Data items:

==*==

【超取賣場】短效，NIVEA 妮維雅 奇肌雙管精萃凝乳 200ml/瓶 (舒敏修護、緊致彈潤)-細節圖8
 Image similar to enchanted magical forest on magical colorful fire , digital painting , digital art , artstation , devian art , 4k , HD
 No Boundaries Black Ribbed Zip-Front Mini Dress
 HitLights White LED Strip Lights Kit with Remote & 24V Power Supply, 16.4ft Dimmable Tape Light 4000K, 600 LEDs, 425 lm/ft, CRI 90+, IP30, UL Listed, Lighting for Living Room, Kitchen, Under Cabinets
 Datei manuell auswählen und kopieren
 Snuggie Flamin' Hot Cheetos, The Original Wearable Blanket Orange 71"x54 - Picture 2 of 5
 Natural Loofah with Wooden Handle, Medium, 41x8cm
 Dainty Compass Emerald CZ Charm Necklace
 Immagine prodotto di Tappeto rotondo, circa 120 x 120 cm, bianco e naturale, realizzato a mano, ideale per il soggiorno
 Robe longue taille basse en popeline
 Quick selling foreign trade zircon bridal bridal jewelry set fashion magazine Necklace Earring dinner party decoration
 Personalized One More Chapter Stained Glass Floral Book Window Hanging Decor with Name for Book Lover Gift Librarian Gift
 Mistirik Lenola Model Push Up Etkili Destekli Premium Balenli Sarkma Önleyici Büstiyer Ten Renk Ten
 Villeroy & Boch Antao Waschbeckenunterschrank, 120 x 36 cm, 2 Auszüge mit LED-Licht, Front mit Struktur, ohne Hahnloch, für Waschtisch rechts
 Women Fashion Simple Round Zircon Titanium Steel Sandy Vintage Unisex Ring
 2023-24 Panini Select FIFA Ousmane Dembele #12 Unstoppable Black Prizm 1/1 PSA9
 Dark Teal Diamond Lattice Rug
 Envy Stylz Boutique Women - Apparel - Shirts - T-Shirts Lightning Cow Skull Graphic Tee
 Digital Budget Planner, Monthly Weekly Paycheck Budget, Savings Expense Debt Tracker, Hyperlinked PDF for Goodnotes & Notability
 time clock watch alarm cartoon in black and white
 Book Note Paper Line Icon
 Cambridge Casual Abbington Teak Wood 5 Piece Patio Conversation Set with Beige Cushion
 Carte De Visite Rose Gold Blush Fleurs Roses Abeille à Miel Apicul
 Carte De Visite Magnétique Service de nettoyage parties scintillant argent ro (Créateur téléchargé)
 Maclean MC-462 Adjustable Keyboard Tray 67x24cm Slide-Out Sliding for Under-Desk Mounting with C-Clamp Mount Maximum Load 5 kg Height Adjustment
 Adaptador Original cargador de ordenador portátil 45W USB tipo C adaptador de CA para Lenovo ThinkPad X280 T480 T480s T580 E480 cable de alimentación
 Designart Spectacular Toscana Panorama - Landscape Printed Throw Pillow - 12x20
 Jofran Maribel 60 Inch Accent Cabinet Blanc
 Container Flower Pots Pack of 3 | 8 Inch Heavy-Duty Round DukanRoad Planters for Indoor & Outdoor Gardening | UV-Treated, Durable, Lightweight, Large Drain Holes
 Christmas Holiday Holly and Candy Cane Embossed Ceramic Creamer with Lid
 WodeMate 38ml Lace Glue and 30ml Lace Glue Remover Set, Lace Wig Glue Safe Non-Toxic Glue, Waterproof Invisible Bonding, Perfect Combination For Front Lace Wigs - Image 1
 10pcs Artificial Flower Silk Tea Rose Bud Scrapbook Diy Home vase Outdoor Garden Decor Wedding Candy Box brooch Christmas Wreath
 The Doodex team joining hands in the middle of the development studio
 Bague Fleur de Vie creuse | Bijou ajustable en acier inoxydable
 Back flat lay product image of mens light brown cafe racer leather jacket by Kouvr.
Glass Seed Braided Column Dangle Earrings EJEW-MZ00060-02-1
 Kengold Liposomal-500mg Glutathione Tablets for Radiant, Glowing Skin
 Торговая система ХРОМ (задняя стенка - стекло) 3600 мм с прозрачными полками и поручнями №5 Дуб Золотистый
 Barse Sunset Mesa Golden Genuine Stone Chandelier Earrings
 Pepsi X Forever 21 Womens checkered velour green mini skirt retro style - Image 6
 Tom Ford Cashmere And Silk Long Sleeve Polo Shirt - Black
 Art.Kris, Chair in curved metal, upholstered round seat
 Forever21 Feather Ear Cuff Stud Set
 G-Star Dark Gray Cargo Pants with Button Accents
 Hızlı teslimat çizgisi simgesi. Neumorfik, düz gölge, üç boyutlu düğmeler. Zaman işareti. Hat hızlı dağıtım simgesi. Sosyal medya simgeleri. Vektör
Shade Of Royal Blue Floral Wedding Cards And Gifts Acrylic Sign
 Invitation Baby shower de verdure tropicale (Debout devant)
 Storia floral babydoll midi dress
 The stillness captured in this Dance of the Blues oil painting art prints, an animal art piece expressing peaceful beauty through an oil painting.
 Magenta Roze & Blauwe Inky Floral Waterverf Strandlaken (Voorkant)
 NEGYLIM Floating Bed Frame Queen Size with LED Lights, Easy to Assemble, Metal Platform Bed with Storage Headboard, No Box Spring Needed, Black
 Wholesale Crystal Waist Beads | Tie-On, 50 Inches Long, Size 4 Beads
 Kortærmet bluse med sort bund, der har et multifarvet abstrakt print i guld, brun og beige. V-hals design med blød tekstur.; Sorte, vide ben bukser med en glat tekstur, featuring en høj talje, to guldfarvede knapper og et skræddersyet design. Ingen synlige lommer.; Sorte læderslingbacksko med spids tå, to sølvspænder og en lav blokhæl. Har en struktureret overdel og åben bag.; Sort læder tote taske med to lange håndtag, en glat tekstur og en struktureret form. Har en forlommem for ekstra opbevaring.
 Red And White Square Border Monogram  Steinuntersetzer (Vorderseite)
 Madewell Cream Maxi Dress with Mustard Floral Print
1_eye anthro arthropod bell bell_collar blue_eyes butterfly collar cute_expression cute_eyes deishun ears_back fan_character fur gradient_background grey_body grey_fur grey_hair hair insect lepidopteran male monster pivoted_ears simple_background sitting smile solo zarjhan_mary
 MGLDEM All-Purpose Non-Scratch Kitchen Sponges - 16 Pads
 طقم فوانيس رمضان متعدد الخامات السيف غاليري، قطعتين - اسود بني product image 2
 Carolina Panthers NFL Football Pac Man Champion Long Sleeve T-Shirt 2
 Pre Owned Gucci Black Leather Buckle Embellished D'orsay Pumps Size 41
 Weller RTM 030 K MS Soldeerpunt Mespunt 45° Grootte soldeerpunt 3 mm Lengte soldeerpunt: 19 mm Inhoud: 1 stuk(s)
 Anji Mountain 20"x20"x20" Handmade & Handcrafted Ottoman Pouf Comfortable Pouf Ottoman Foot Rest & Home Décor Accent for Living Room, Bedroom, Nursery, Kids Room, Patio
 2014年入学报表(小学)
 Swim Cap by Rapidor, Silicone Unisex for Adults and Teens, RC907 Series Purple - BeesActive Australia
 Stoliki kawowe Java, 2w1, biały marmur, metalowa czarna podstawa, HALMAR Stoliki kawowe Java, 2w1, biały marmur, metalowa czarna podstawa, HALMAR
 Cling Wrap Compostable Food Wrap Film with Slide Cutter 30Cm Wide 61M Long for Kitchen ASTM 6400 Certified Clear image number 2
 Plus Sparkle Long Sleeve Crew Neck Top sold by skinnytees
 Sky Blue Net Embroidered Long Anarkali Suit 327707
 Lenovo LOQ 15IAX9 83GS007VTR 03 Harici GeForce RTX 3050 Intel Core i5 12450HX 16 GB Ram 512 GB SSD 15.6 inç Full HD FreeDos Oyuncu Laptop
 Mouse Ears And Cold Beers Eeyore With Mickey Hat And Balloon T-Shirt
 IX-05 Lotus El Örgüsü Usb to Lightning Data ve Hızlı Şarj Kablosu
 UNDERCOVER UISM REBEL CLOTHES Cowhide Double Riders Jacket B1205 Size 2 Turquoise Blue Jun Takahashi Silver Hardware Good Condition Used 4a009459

==*==

*WORK TO COMPLETE*. Please print verbatim each line from the first line of the entries above to the line that contains "Mistirik Lenola Model", inclusive, and nothing more.

*RESPONSE FOR THIS EXERCISE*.
【超取賣場】短效，NIVEA 妮維雅 奇肌雙管精萃凝乳 200ml/瓶 (舒敏修護、緊致彈潤)-細節圖8
 Image similar to enchanted magical forest on magical colorful fire , digital painting , digital art , artstation , devian art , 4k , HD
 No Boundaries Black Ribbed Zip-Front Mini Dress
 HitLights White LED Strip Lights Kit with Remote & 24V Power Supply, 16.4ft Dimmable Tape Light 4000K, 600 LEDs, 425 lm/ft, CRI 90+, IP30, UL Listed, Lighting for Living Room, Kitchen, Under Cabinets
 Datei manuell auswählen und kopieren
 Snuggie Flamin' Hot Cheetos, The Original Wearable Blanket Orange 71"x54 - Picture 2 of 5
 Natural Loofah with Wooden Handle, Medium, 41x8cm
 Dainty Compass Emerald CZ Charm Necklace
 Immagine prodotto di Tappeto rotondo, circa 120 x 120 cm, bianco e naturale, realizzato a mano, ideale per il soggiorno
 Robe longue taille basse en popeline
 Quick selling foreign trade zircon bridal bridal jewelry set fashion magazine Necklace Earring dinner party decoration
 Personalized One More Chapter Stained Glass Floral Book Window Hanging Decor with Name for Book Lover Gift Librarian Gift
 Mistirik Lenola Model Push Up Etkili Destekli Premium Balenli Sarkma Önleyici Büstiyer Ten Renk Ten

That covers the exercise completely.